The Border as Landscape |
| Space Preference: Commercial Gallery , Non-profit Art Space, Artist-run Space, Corporate Space |
| Number of Images: unknown |
Please Note: These images were produced on an Apple computer and may appear to have too much contrast on some PC monitors.
Artist Statement
All around us, there are borders: the fences in our yards and around our houses which define what is ours and not our neighbors, to walls that are constructed to define the boundaries of nationality, ideology, and culture. These borders suggest not only physical boundaries, but also psychological, sociological, and cultural difference. If we accept the premise that humanity and the world population is one, particularly in a time of globalization, why do we feel the need to define what is ours and not for others to experience?

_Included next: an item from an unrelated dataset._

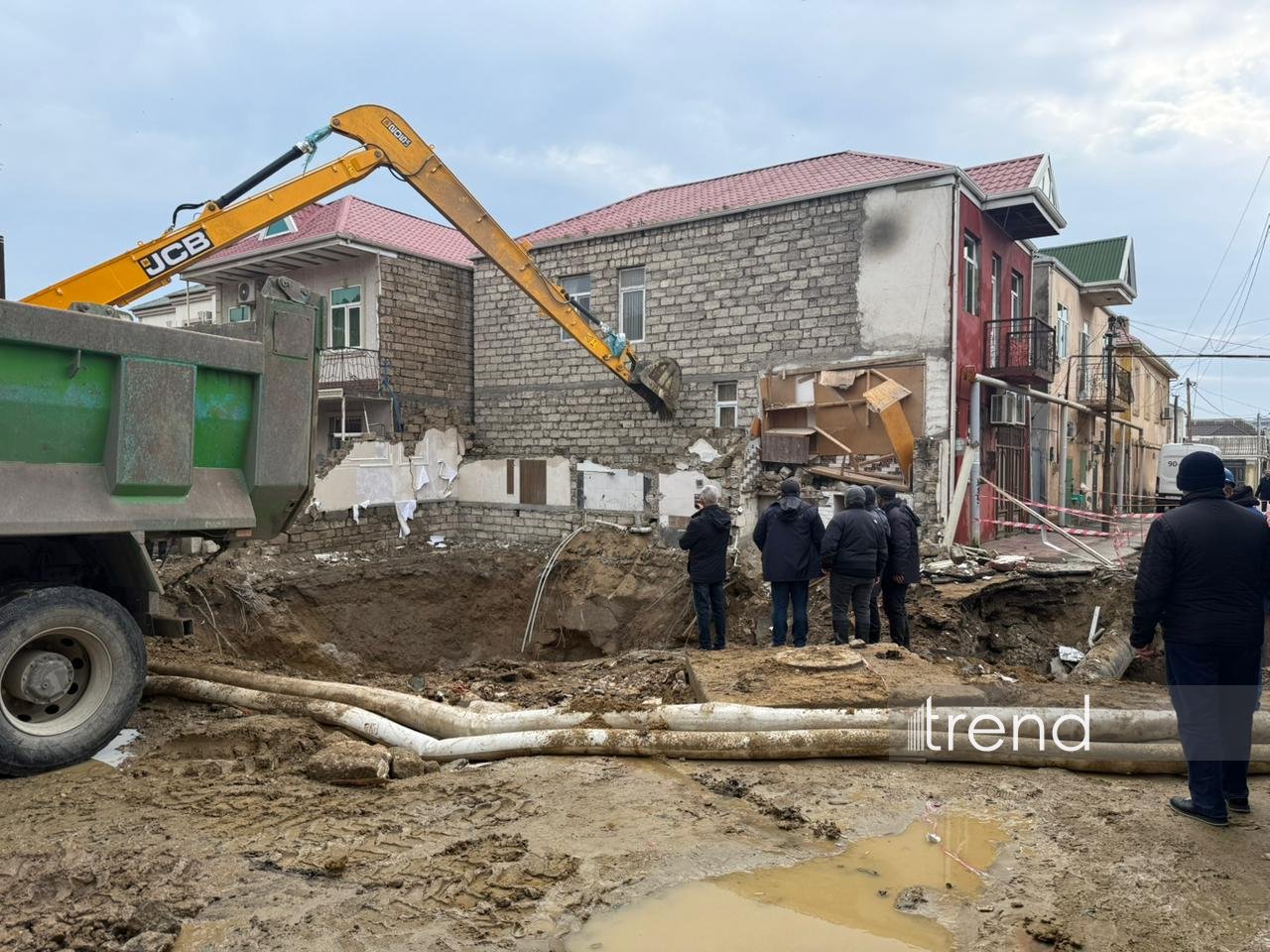 Bakıda kollektor üzərində tikilən ev tam söküldü - FOTO/VİDEO Bakıda kollektor üzərində tikilən ev tam söküldü - FOTO/VİDEO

The border between the United States of America and Mexico is a landscape both natural and artificial. To document this landscape has been to also record the border of earth and sky, a junction both physical and symbolic, both prosaic and metaphysical. In some forgotten places, the border is a line sketched by barbed wire fence, in other places it is an institutionalized prison wall, brightly lit throughout the night and carefully monitored by the Border Patrol using the latest surveillance technology. Tracing this national demarcation from the Pacific Ocean to the Gulf of Mexico has been to plot the difficulties of imposing and enforcing this political agenda on an unrelenting and uncooperative natural environment.
I grew up along the southern and western edge of the United States in Chula Vista, California, 5 miles north of Tijuana. For me the border has always been not a line but a zone, not a point of transition but the place where I live.
This project was started in 2006 and grew out of earlier work on the peace walls in Northern Ireland and the security barrier in Israel/ Palestine. The images were made using a Mamiya 6 x 7 cm camera, on color negative film, which was then scanned and digitally output to Fuji Crystal Archive color photographic paper.